Aujourd’hui, l’histoire a repris ses droits, et au-delà, la manifestation de ce premier mai 2009 a fait sauter de nouvelles barrières. Elle prouve d’une part que la Turquie actuellement vit une période majeure de son histoire. Le multipartisme est aujourd’hui bel et bien ancré et arrive à se faire entendre. La manifestation est également une preuve de la cohésion sociale et malgré quelques heurts, les manifestants ont montrée aux autorités qu’ils étaient capables de tenir une manifestation de cette importance symbolique sans trop d’incidents, ce qui est une gageure dans un pays fortement militarisé et où toute manifestation reste suspecte (dans les autres villes turcs Izmir, Ankara, Bursa, Antalya, les manifestations pour le 1er Mai ont également été tenues avec succès). Par ailleurs, la pression (ou la carotte) européenne depuis 2002 au moins, a eu pour mérite de largement décloisonné le pays d’un point de vue idéologique. La légalisation de plusieurs partis d’extrême gauche et d’autres partis de contestation en est aujourd’hui une autre preuve. Et puis, ce qui me semble le plus important est la montée de la société de la civile qui depuis une dizaine d’année ne cesse de prendre de l’ampleur. Longtemps ostracisé, les turcs n’hésitent plus à sortir dans la rue et a montré au grand jour leur mécontentement sur les questions politiques et sociales. En tout cas, le rendez-vous est déjà pris sur la place Taksim pour l’année prochaine.
[1] La Confédération Révolutionnaire des Syndicats de Travailleurs, Devrimci İşçi Sendikaları Konfederasyonu. Créé en 1967, le D.İ.S.K. est la plus importante formation syndicale en Turquie avec le K.E.S.K..
[2] Le K.E.S.K ou Kamu Emekçileri Sendikaları Konfederasyonu, (La Confédération des Syndicats du Secteur Public), créé en 1995 fait partie des quatre plus grandes organisations syndicale du pays.

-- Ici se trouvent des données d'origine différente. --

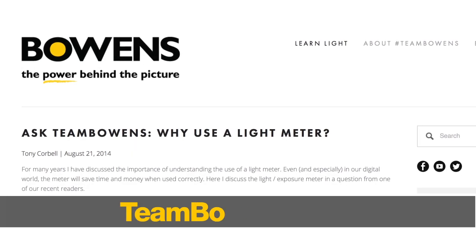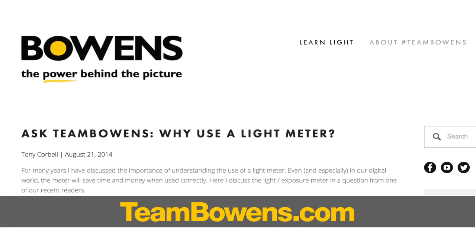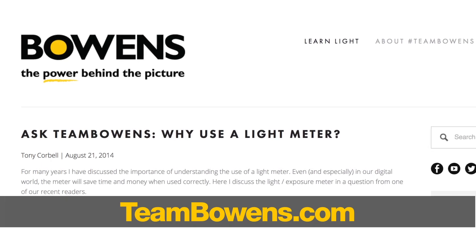This question came from Rachel in Oklahoma City. Rachel, thanks for the question — and you're not the only one; there were several that asked something similar about that topic. I hope that's been helpful. We've got a lot more Q&As coming your way. We'll look forward to seeing you soon right here at teambowens.com, and also check all of our videos at our YouTube channel Bowens TV. Thanks everybody — Tony Korbel signing off.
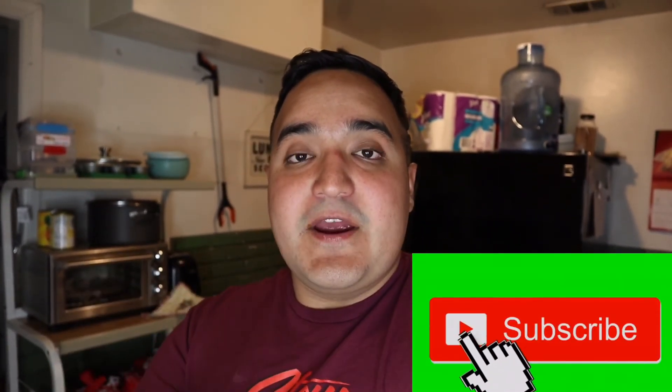Hot! Mmm. Man guys, this is so good. I highly recommend getting an air fryer. Alright guys, thank you for watching my video. Don't forget, please hit the like and subscribe, and I'll see you guys later. Until next time — peace!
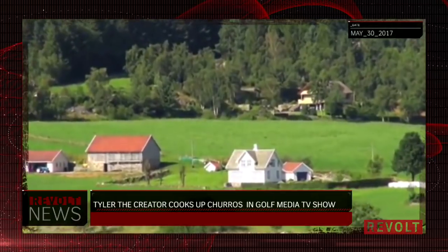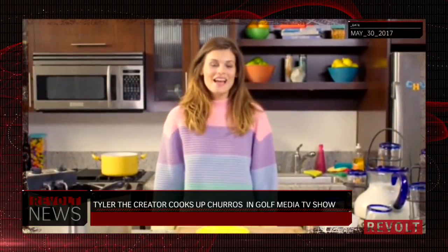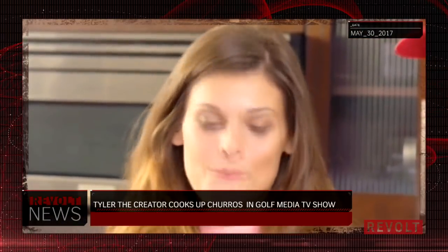Hey guys, today's gonna be a real exciting episode. I have my friend Henfrey, and we're gonna make churros with Henfrey. Sorry, I was sending an angry text. What's up, world? Thanks for coming to Bonnie's cooking show today. Yes, thank you. Appreciate it.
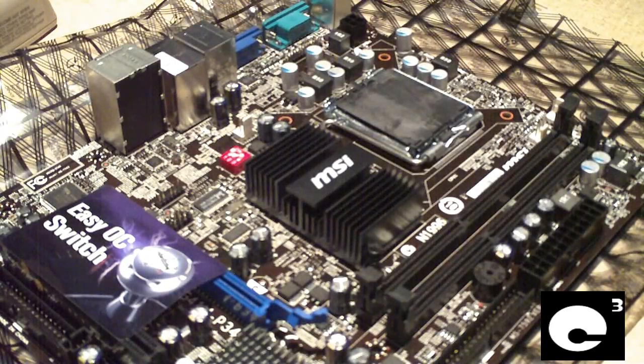Hey everybody, today I'm going to talk a little bit about motherboards. I'm going to discuss a way to help prolong the lifetime of your system's motherboard when you're building a new computer.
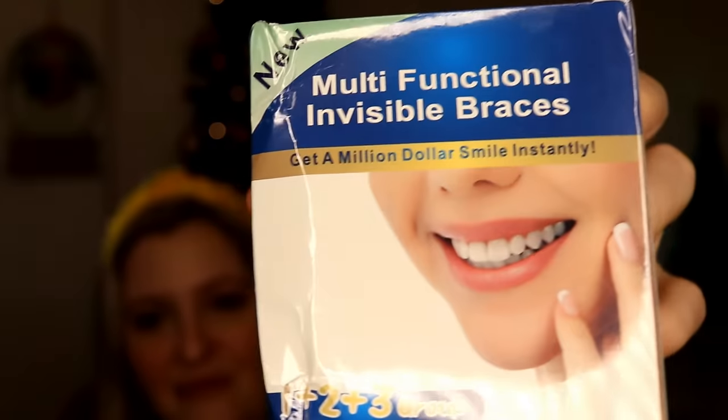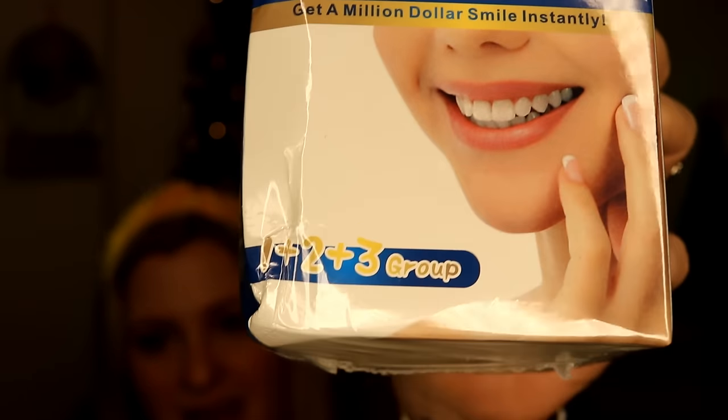This was $7.64 — these are invisible braces, like Invisalign. It came with three different steps: step one, step two, step three. I'm curious to see how well they work because I have a couple of teeth — my canine teeth — that are turned out just a little bit. It's a genetic thing that runs in my family. Doctors never told me I needed braces, but as an adult I just wanted to try this out of curiosity to see if it would correct that.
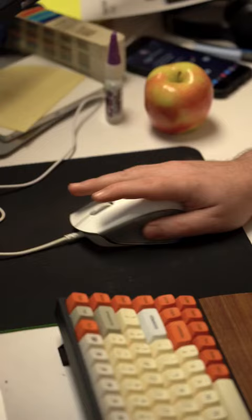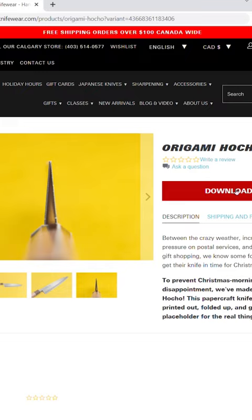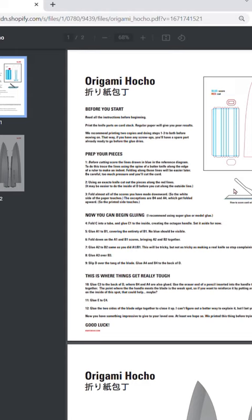Our team of designers worked around the clock to turn your Christmas frown upside down. Simply head to knifeware.com/origamihocho, save the PDF file, and print it using your household printer.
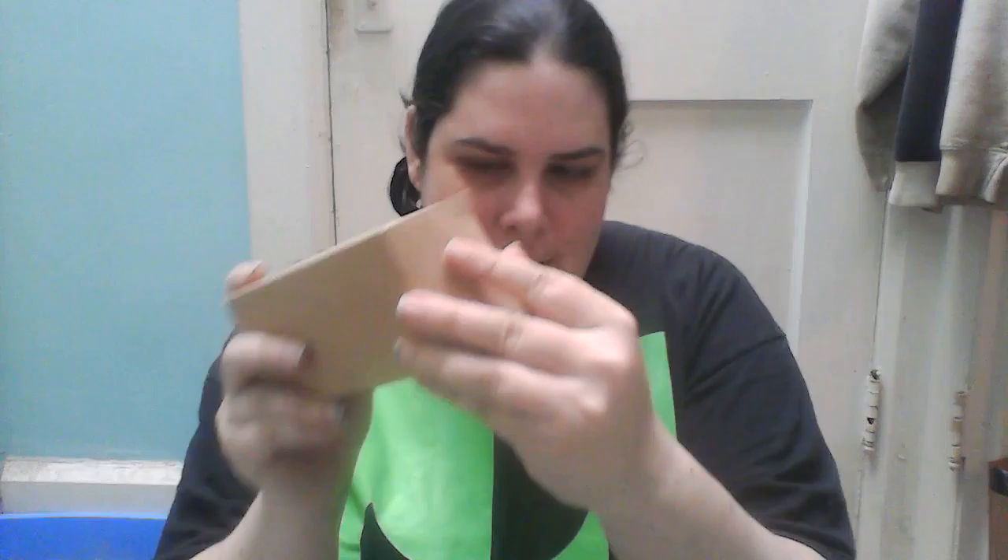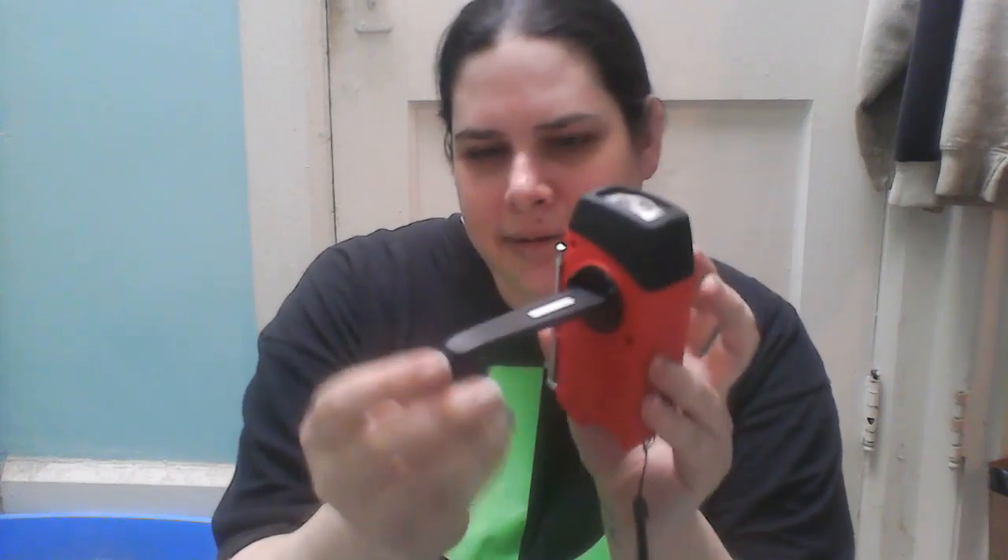I have not even looked at it yet. I haven't opened it yet. You're seeing me open it now. First thing I see is a bunch of cords, a USB cord, a USB adapter, and some other parts. Oh, that's cool. Much smaller than what I thought but pretty awesome.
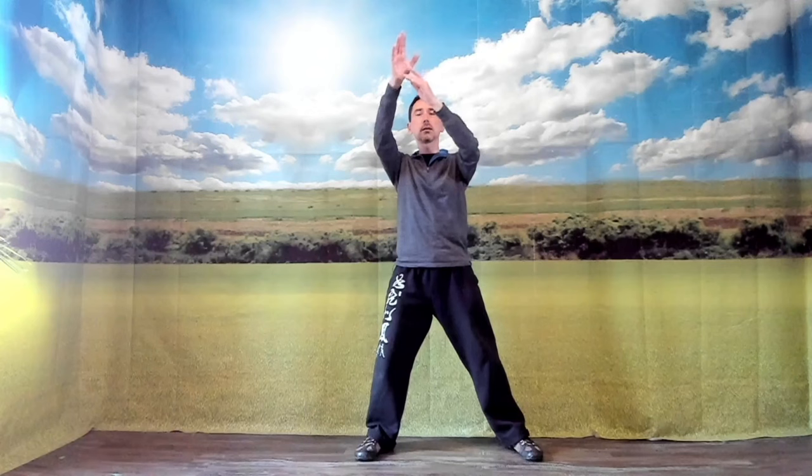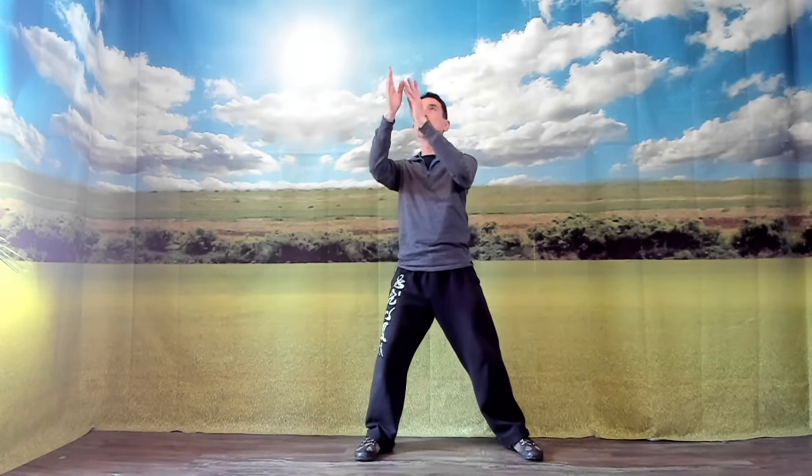Shift the weight to the other side. Hand on that side goes forward at shoulder height, other palm facing down. Three. Bring the hand up, both hands overhead. Four. Weight going to the first side. Hand on that side forward at shoulder height, palm facing out, other palm facing down. Bring the arms up. Weight on both legs. Six. Shift the weight to the other side. Seven. Hands coming up. And eight. Lower the arms.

[3] Le Cumhuriyet Halk Partisi, le Parti Républicain du Peuple, social-démocrate, prônant le laïcisme kémalien et un certain nationalisme. Il s’agit du parti historique de la Turquie, celui que fonda Mustafa Kemal Atatürk en 1923 et qui dirigea le pays quasiment sans interruption jusqu’en 2002, date de la victoire de l’A.K.P. toujours au pouvoir actuellement.
[4] Le Demokratik Toplum Partisi, le Parti de la Société Démocratique, pro-kurde, fondé en 2005.
[5] Türk Komünist Partisi (Parti Communiste Turc) fondé en 1920, longtemps considéré comme illégale, le parti a participé en 2002 aux élections anticipées en faisant apparaître pour la première fois le terme communiste dans son titre. Aujourd’hui, le parti est considéré comme étant un acteur central dans la vie politique de gauche.
[6] Le Hak-İş ou Türkiye Hak İşçi Sendikaları Konfederasyounu, fait partie des quatre plus grands syndicat turc. Créé en 1976, ce syndicat est très proche traditionnellement du Turk-İş.
[7] Milliyetçi Hareket Partisi (Parti d’Action Nationaliste), l’extrême droite turc fondé en 1965, renommé en 1969, est un parti a fortement militarisé, impliqué dans de nombreuses affaires de corruption et de banditisme tout au long des décennies 70 et 80. Aujourd’hui toujours en vigueur, le M.H.P. tends à se renforcer et à glaner de nouvelles voix depuis les années 2000. En 2002, pour les élections législatives il est arrivé en 4ème position avec 8,3% de voix, mais n’ayant pas dépassé les 10% réglementaires, il n’avait pas pu être représenté au parlement. Les élections législatives de 2007, ont accrédité le parti de 14,29 % des voies, arrivant en 3ème position derrière l’A.K.P. (46,66 %) et le C.H.P. (20,85 %) donnant pour la première fois au M.H.P. son plus grand nombre de sièges au parlement avec 71 places. Aujourd’hui le parti est la troisième force d’opposition du pays et son influence ne cesse d’augmenter.
[8] Sur le mouvement Gladio et le plan « stay-behind » dans le cadre de la Guerre Froide Cf. http://fr.wikipedia.org/wiki/Stay-behind
[9] Halk Icin Kurtulus, N° 99, 19 September 1998.